Top of Source material

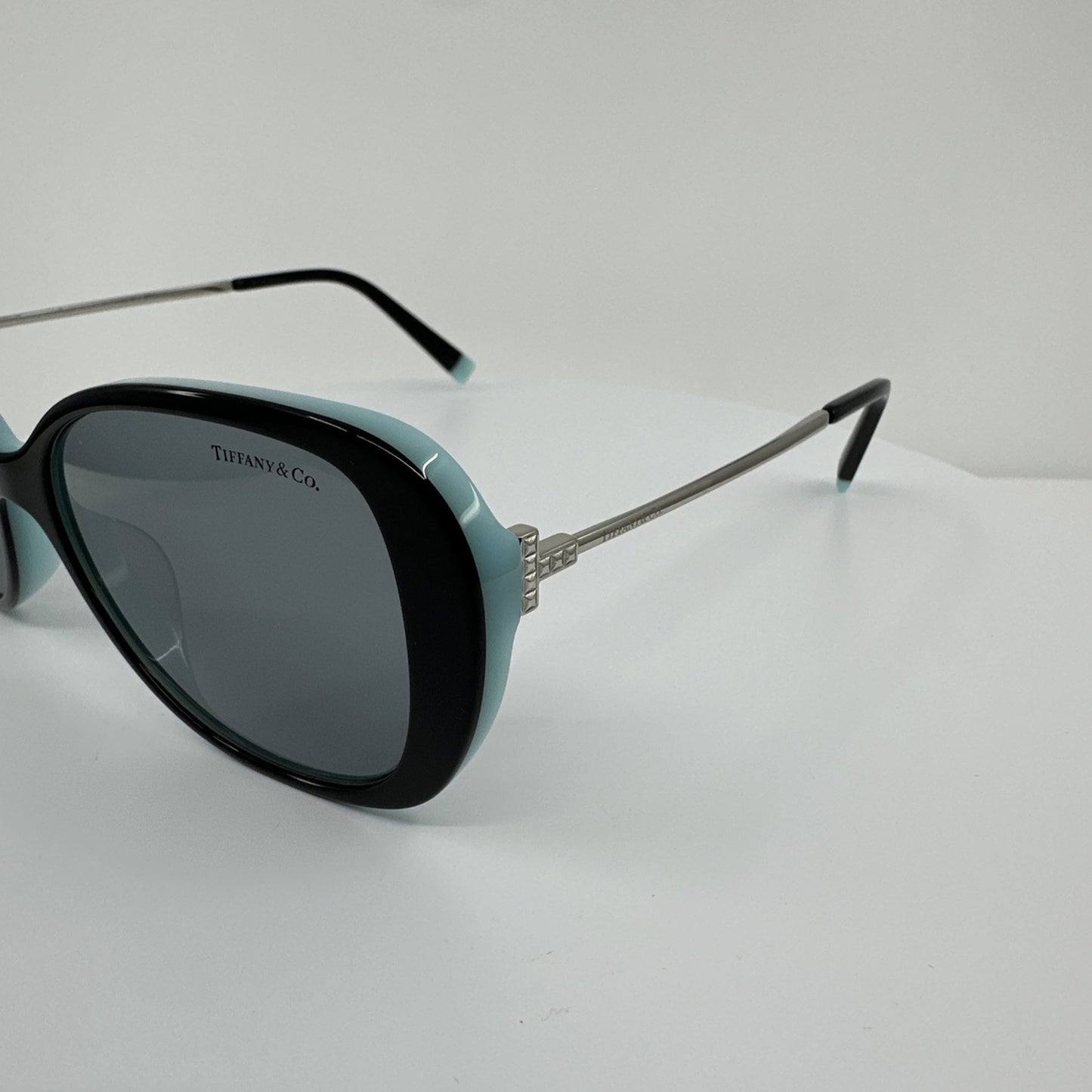 Vintage Tiffany & Co. TF 4156-F Silver Sunglasses - Super Vision Optical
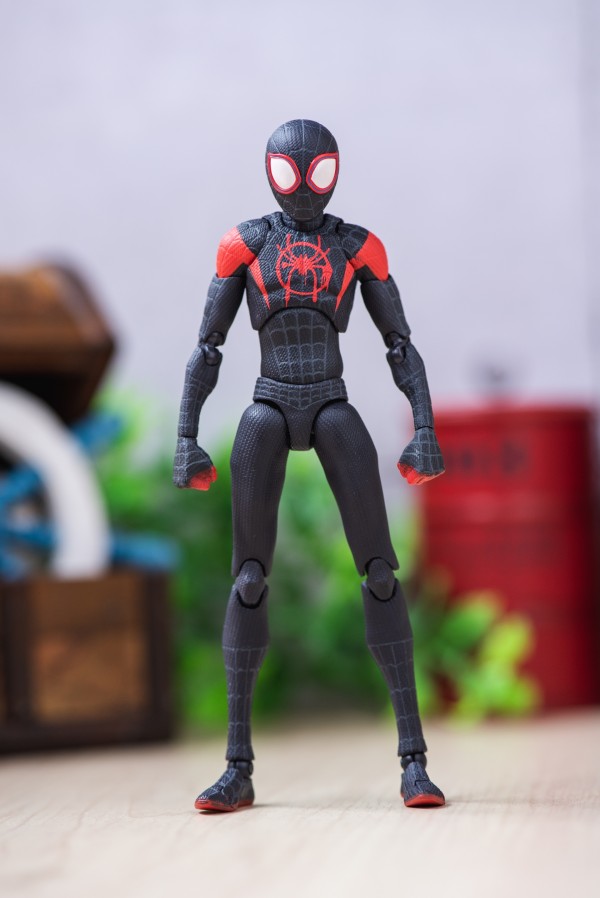 千値練 SVアクション マイルス・モラレス／スパイダーマン スパイダー 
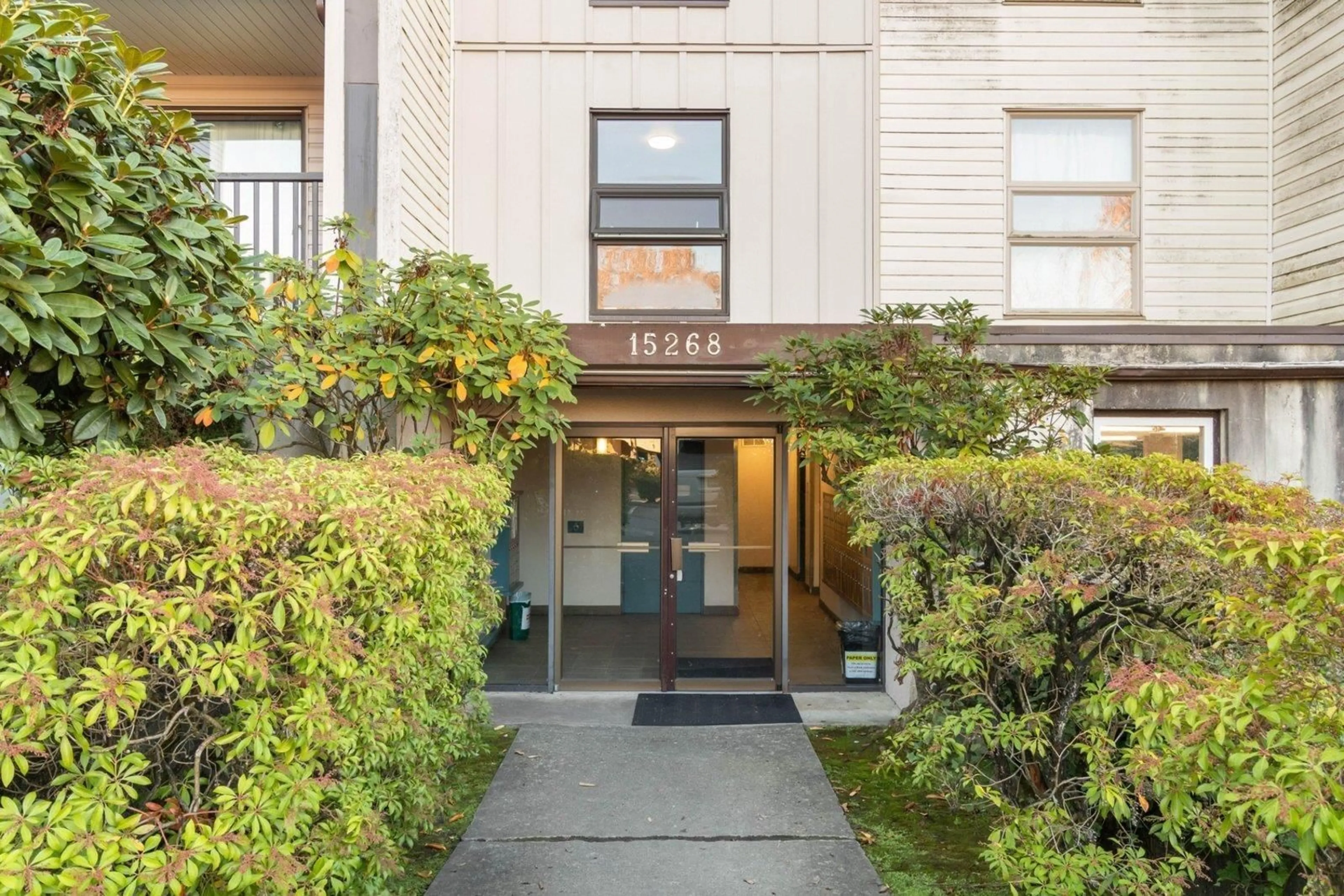 Indoor foyer for 302 - 15288 100, Surrey British Columbia V3R7V2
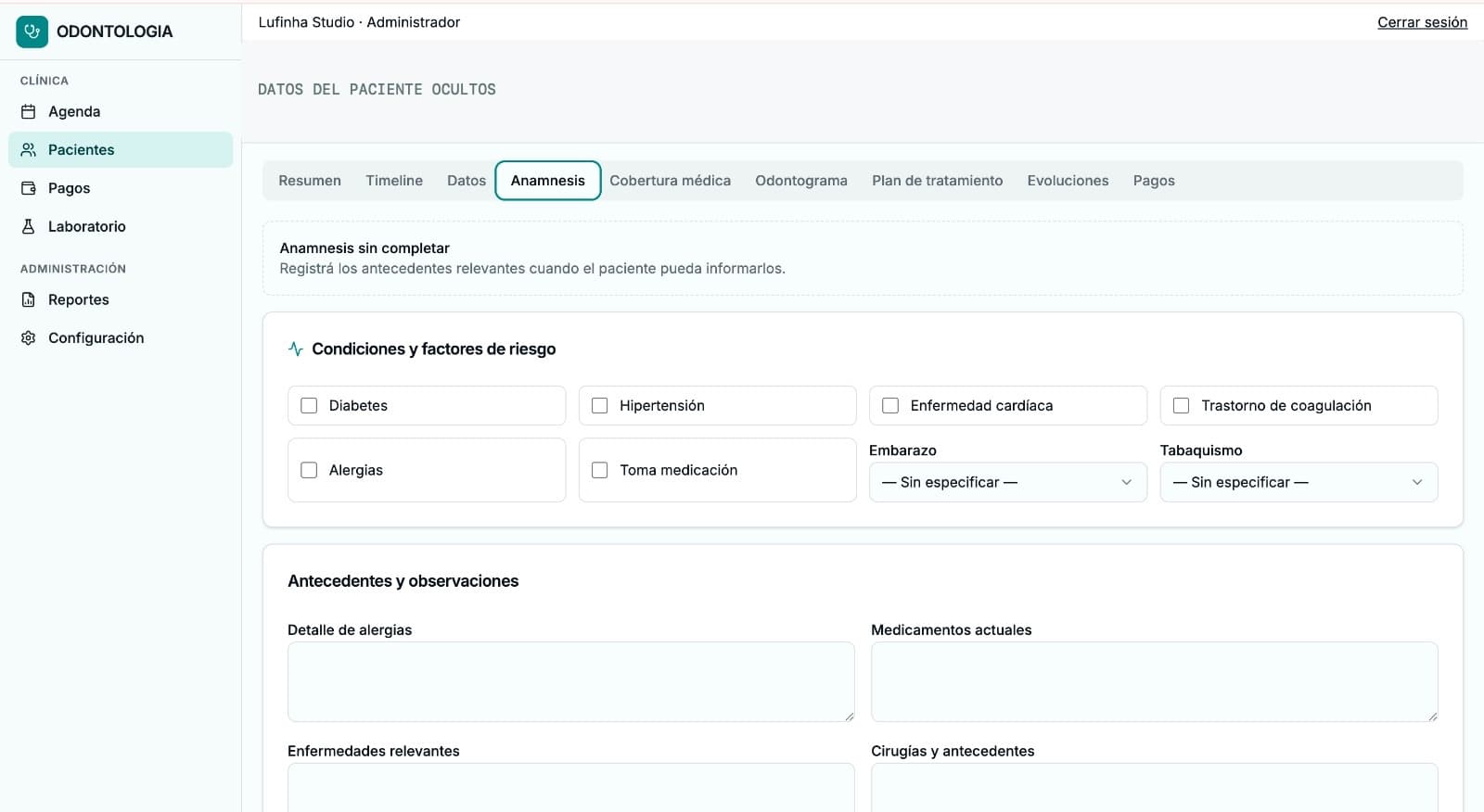 Pantalla anonimizada de anamnesis con condiciones, factores de riesgo y antecedentes clínicos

Bottom of Source material

--- What is required ---
Restate all of the material word for word, leaving every picture out.

--- Completed exercise ---
 Vintage Tiffany & Co. TF 4156-F Silver Sunglasses - Super Vision Optical
 千値練 SVアクション マイルス・モラレス／スパイダーマン スパイダー 
 Indoor foyer for 302 - 15288 100, Surrey British Columbia V3R7V2
 Pantalla anonimizada de anamnesis con condiciones, factores de riesgo y antecedentes clínicos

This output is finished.